The response trigger refers to Novartis’s pledge not to charge for Kymriah if a patient showed no response at one month (World’s first CAR-T approval sweeps away more cell therapy doubts, August 30, 2017).
But Mr Mitchell had run his own slide rule over the numbers. Even considering that $475,000 will only be paid in the event of a one-month response, cutting the average cost by 16% or so, “we think [Kymriah] is priced about $125,000-150,000 too high”, he stated.

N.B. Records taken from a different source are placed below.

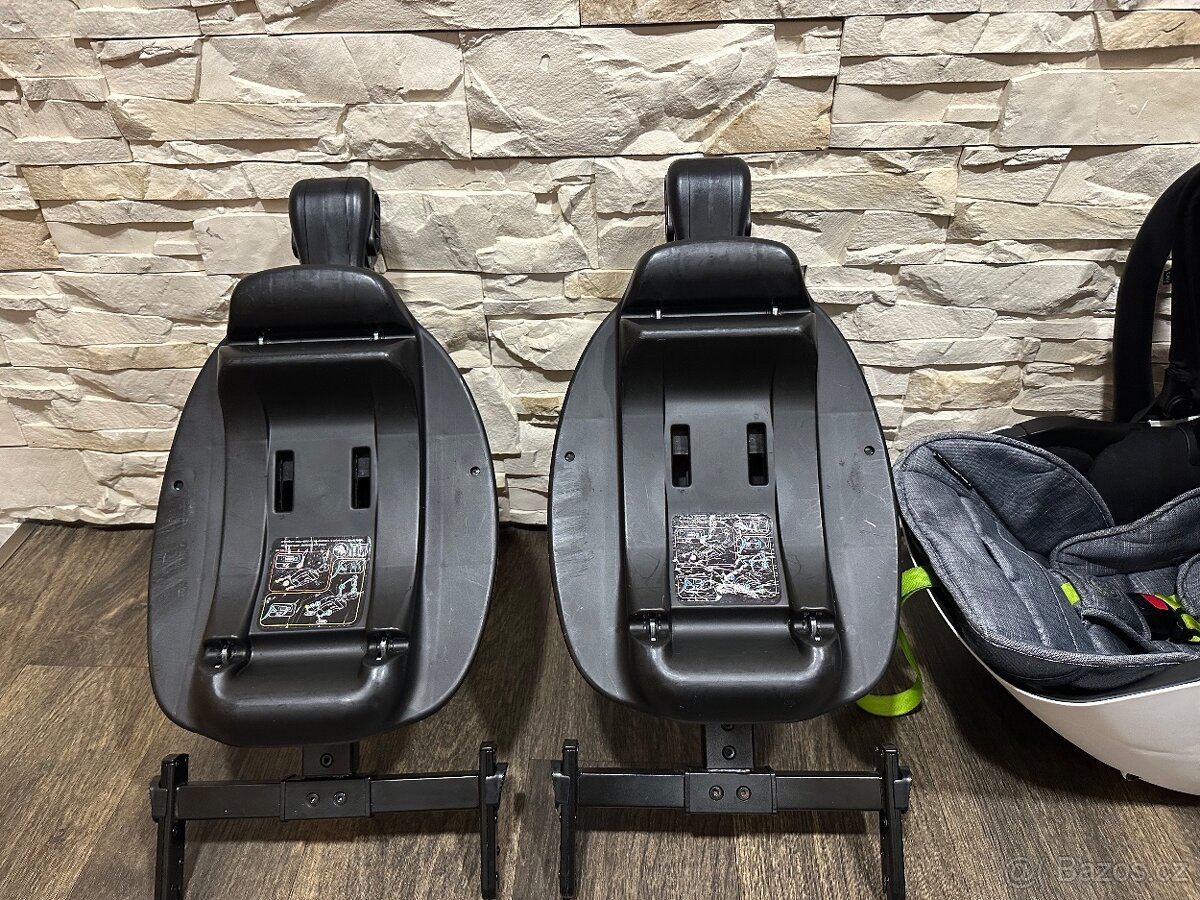 KIDDY Evoluna i-Size 2 autosedačka pro děti od 45 do 83 cm - 14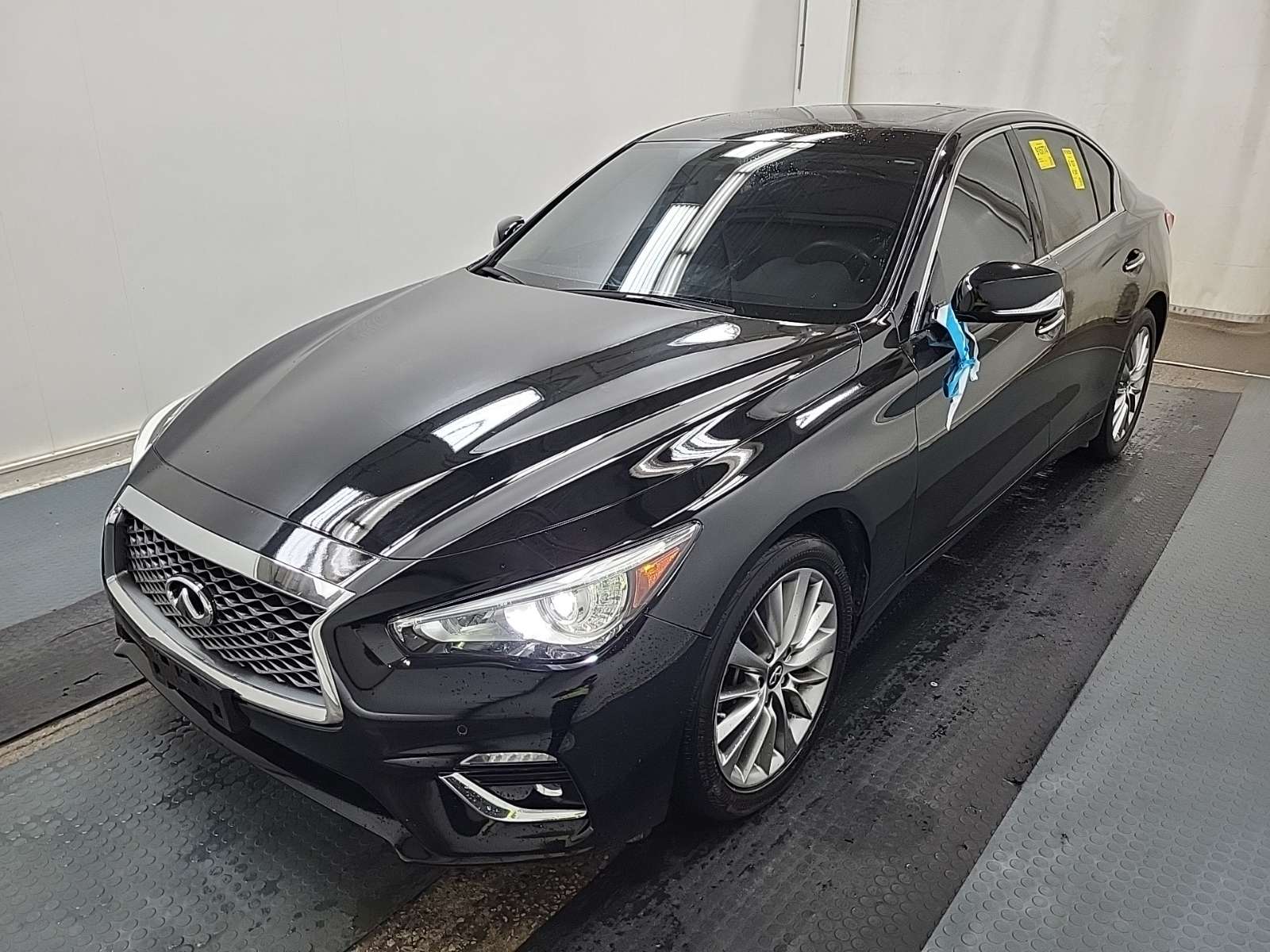 2024 Infiniti Q50 LUXE AWD | Htd Steering | 360 Cam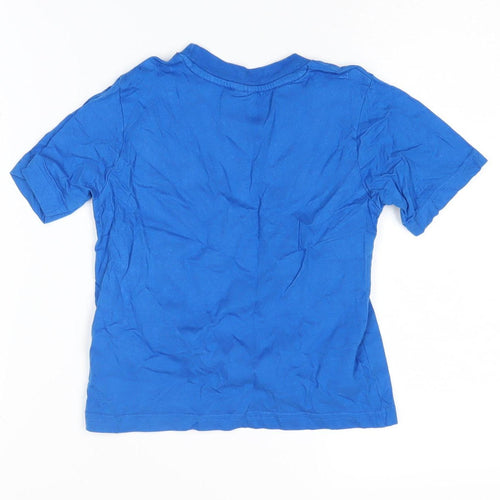 Marvel Spider-Man Boys Blue Graphic T-Shirt 3-4 Years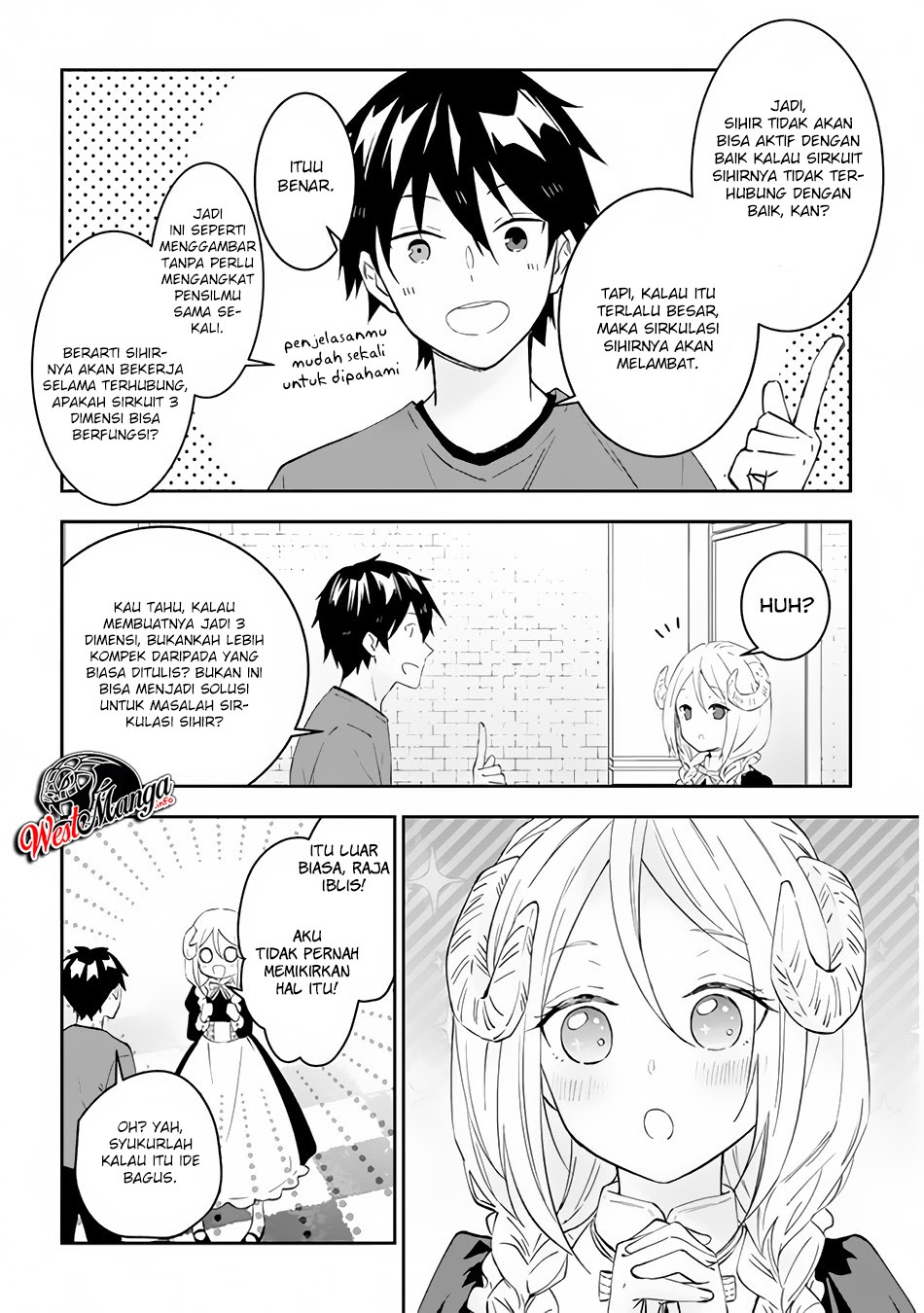 Maou ni Natte node – Dungeon Tsukutte Jingai Musume to Honobono suru Chapter 27 - halaman 10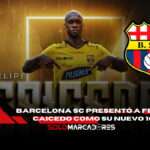 🔥 ¡El Ídolo del Ecuador tiene nuevo 10! Felipe Caicedo se une a Barcelona SC para la temporada 2025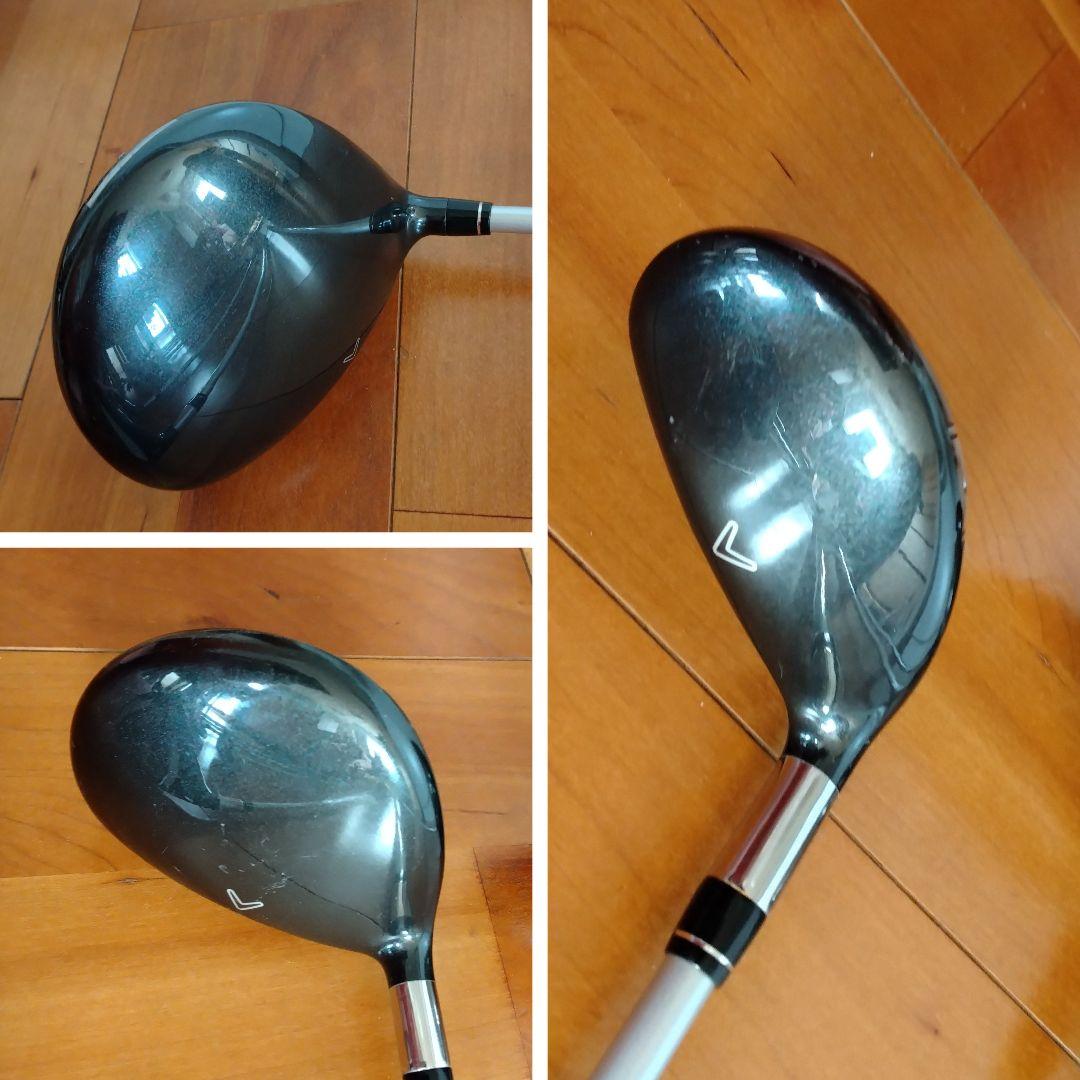 Callaway レディース　ゴルフクラブ9本セット　ソレイル　SOLEIRE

He is thus urging for $325,000-350,000, which implies an average number, deducting the no-response no-payments, of as low as $273,000. Among the calculations on which this number is based is the $20,000 cost of goods suggested by Penn’s Dr Carl June – this is surely a figure for academic manufacturing – and Novartis’s purchase of three plants for an estimated $150m.
Perhaps most persuasive was Mr Mitchell’s claim that Kite’s chief financial officer had suggested a CAR-T price of just $150,000 two years ago. At last year’s Adopt Summit in London Glaxosmithkline’s head of cellular therapy, Cedrik Britten, said Blincyto’s $178,000 list price was a starting point for CAR-T.
Mr Mitchell expressed reservations about a recent report by the UK price-setting body Nice, which claimed that in some circumstances a cost of over $600,000 might still be acceptable to payers. Speaking to EP Vantage a spokesperson for Patients for Affordable Drugs called the Nice report “a gift” to industry.
Mr Mitchell also poured scorn on the suggestion of Novartis’s outgoing chief executive, Joe Jimenez, in a recent interview that developing Kymriah had cost his group $1bn. “We cannot get to $1bn of investment,” he said, citing the fact that clinical trials had involved only a few hundred subjects.
And profitability? At $475,000 per patient Mr Mitchell calculates that Novartis will actually have a profit margin of some 60%.
Another pillar of Mr Mitchell’s argument is that Kymriah is – via a circuitous route – the result of research done at the NCI, a US government body.
There is a special obligation on companies that develop drugs funded largely by the taxpayer, he stated, claiming that the NCI had spent just over $200m on CAR-T research. “This is the platform on which ... Kymriah has been brought to market. This is not a flatscreen TV, it’s a lifesaving medication that was developed based on taxpayer investment.”
Novartis argues that $475,000, combined with indication and outcomes-based pricing, comes in well below its own calculation of what is cost-effective to healthcare systems. But Mr Mitchell claims: “Novartis made a series of judgements about how to price [Kymriah] so they can make a lot of money and claim that they exercised restraint.”
He also cited a meeting he had had with Novartis executives: “They explained to us that ... the problem is the whole rest of the system: the hospitals who charge too much, the doctors who charge too much, the insurers who charge too much, the PBMs. They wanted no responsibility for the price they set and the impact that has on patients.”
Mr Mitchell’s group campaigns for government programmes like Medicare to be able to negotiate directly with industry – something that is currently forbidden. He said the starting point for such discussion should be calculations carried out by groups such as ICER.
He has vowed to continue pressuring Novartis, Gilead and Juno “to encourage responsible pricing”.
This story has been amended to clarify the Patients for Affordable Drugs’ suggestion of the correct net price of Kymriah.